Retype, exactly and with both ends included, the lines below from the one containing "Akayev Mermer Beyaz" through the end; omit the pictures.

[[ STORED DATA open ]]

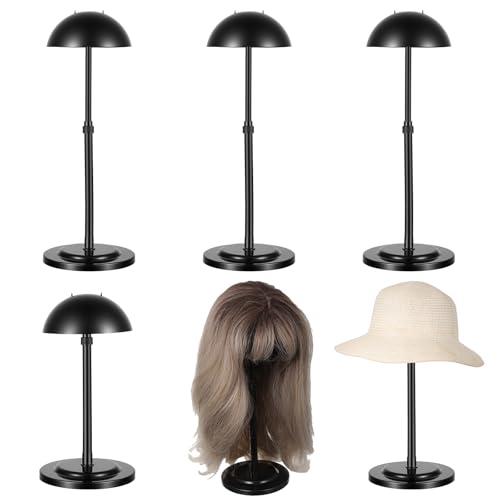 COMNICO 6 Pcs Wig Stand for Multiple Wigs, 9.8"-18.9" Adjustable Height Wig Head Stand Portable Black Travel Wigs Holder for Styling Non Slip Stable DIY Practice Hat Holder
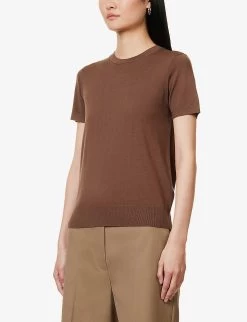 THEORY Regal Short-sleeved Wool-blend Top -Mode Charm Shop R04152436 PECAN ALT02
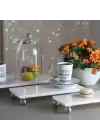 Akayev Mermer Beyaz Gümüş Boncuk Ayaklı 3lü Sunum Tabağı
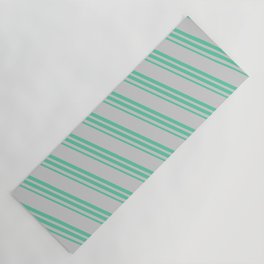 [ Thumbnail: Light Gray and Aquamarine Colored Striped Pattern Yoga Mat ]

[[ STORED DATA closed ]]

> [PROBLEM SOLUTION]
 Akayev Mermer Beyaz Gümüş Boncuk Ayaklı 3lü Sunum Tabağı
 [ Thumbnail: Light Gray and Aquamarine Colored Striped Pattern Yoga Mat ]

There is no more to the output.